Ending his concise but sincere prayers, he looked up and nodded at the priest. The priest finally broke into an approving smile. He was sure the goddess would be very pleased at the royal offerings. Costis briefly concurred and made a polite exit.

As he headed back to the palace, he reflected that Philia had been contented enough to keep the king alive.

Hopefully, she would be as satisfied to remember the latter part of Costis's prayer as well.


By evening, Costis had returned to the palace. He made his way to his chambers after dinner, tired from the trip and after hearing mess hall gossip, wearied even more by the daily news of his king and queen and their ever-continuing dance of politics.

Without looking, he settled onto his bed, closing his eyes as he hit the mattress. He sat up again with a frown and turned around. There on his pillow was a foreign piece of paper, folded in half. Costis could already guess its sender as he reached for it.

One glimpse of the square handwriting inside made him groan softly. Much as his loyalty belonged to the king, His Majesty's notes always sent foreboding feelings down Costis' spine, a sensation he had never grown to appreciate or even get used to.

This one was no different.
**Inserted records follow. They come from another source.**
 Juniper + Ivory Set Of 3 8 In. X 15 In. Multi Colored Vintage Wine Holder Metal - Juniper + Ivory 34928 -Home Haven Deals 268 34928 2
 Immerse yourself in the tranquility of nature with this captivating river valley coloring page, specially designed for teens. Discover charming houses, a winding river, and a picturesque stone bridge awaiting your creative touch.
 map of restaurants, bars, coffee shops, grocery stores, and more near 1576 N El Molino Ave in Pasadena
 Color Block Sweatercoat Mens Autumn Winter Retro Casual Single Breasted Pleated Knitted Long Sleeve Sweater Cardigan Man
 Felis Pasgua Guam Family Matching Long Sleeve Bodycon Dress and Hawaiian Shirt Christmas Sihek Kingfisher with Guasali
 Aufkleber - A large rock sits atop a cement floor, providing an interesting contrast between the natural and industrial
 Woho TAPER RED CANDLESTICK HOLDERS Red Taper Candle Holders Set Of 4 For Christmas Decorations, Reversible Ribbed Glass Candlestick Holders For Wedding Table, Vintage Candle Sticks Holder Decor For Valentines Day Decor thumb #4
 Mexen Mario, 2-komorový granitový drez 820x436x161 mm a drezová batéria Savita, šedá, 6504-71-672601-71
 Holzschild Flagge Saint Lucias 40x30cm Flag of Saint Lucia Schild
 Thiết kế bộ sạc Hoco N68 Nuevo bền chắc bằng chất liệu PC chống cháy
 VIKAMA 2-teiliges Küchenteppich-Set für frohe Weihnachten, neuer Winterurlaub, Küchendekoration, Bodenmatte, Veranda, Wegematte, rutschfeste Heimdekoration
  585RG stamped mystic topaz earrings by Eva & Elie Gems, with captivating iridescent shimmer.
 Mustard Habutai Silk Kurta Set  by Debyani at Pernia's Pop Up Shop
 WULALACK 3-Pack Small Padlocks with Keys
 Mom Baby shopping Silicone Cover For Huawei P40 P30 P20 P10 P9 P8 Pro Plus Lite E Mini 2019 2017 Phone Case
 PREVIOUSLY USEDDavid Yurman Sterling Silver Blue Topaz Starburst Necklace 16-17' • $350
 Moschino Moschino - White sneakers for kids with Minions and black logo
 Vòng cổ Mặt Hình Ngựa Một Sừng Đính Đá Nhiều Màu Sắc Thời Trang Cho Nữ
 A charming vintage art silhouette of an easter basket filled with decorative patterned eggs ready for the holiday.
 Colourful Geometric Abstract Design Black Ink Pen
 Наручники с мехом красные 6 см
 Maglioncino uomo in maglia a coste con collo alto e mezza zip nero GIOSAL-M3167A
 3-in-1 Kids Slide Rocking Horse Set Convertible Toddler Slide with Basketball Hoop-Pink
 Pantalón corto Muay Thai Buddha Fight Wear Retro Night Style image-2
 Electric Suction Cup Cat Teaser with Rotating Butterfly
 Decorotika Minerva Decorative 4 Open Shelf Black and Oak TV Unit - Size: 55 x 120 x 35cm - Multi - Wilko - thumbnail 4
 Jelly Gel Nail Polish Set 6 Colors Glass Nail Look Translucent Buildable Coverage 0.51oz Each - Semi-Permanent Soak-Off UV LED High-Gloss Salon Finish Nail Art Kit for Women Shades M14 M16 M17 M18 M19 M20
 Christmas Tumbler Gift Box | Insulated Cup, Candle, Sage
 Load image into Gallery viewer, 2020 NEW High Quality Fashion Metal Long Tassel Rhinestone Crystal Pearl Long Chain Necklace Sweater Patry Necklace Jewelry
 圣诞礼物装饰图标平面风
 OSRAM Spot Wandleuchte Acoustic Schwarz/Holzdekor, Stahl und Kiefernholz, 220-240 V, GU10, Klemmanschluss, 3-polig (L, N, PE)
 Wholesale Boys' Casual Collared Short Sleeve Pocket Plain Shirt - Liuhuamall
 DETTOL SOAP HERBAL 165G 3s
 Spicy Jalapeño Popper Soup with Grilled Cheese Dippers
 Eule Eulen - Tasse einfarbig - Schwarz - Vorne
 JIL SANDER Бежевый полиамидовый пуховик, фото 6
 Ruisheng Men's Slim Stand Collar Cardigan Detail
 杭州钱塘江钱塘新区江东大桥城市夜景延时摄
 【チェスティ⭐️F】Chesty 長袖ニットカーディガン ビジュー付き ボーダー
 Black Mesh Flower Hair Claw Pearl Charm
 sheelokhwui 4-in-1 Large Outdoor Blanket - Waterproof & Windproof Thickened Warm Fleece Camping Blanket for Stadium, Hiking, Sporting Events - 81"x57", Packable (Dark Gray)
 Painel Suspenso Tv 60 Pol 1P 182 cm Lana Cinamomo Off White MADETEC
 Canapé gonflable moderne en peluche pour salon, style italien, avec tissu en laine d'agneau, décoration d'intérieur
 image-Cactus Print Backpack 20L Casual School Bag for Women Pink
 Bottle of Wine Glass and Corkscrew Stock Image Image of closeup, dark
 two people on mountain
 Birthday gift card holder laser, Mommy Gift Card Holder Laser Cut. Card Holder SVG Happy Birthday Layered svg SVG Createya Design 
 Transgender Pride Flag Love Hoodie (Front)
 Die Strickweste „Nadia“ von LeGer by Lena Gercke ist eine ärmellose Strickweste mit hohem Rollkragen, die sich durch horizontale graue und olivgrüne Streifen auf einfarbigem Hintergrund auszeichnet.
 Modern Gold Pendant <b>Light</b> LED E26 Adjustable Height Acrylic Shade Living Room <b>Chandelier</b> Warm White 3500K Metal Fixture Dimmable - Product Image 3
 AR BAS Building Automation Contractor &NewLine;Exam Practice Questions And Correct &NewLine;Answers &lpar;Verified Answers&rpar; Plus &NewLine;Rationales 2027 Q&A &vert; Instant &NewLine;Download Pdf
Tomorrow, he was to accompany the king to after-breakfast talks with several barons. Only two names were given but Costis knew well they weren't particularly known for their love of the queen. One could only imagine their feelings about her royal husband. Suggested by Captain Teleus, Costis's illustrious presence – he could already hear the dry tone of the king's voice – was probably to keep him from taking to the crenellations soon after.

Despite the implications of a complicated day ahead, the young soldier snorted. He'd sooner tie the king down to a chair before letting His Majesty skip over uncertain death with a wineskin for company again.

Then, Costis's eyes reached the last part of the message. His mouth reacted by letting out a choked curse. He'd been assured he'd go alone.

Right on cue, a familiar refrain echoed in his head – "I lied."

One more thing: Philia would probably appreciate a bit more originality next time. "Pig headed" is overused.

Clearly, Costis thought with a glower as he repressed thoughts of wringing the king's neck, he hadn't prayed enough this morning.



A/N: I had been aiming for a drabble.

I've tried very hard to avoid writing Eugenides in a dialogue – I'd be flayed alive if I tried to make him talk. I don't know if he really did spy on Costis or if he just guessed – very accurately – what the guy was praying for. My money's on the latter but I know as much as you do.

We all know this already but it bears repeating: Costis's life just sucks.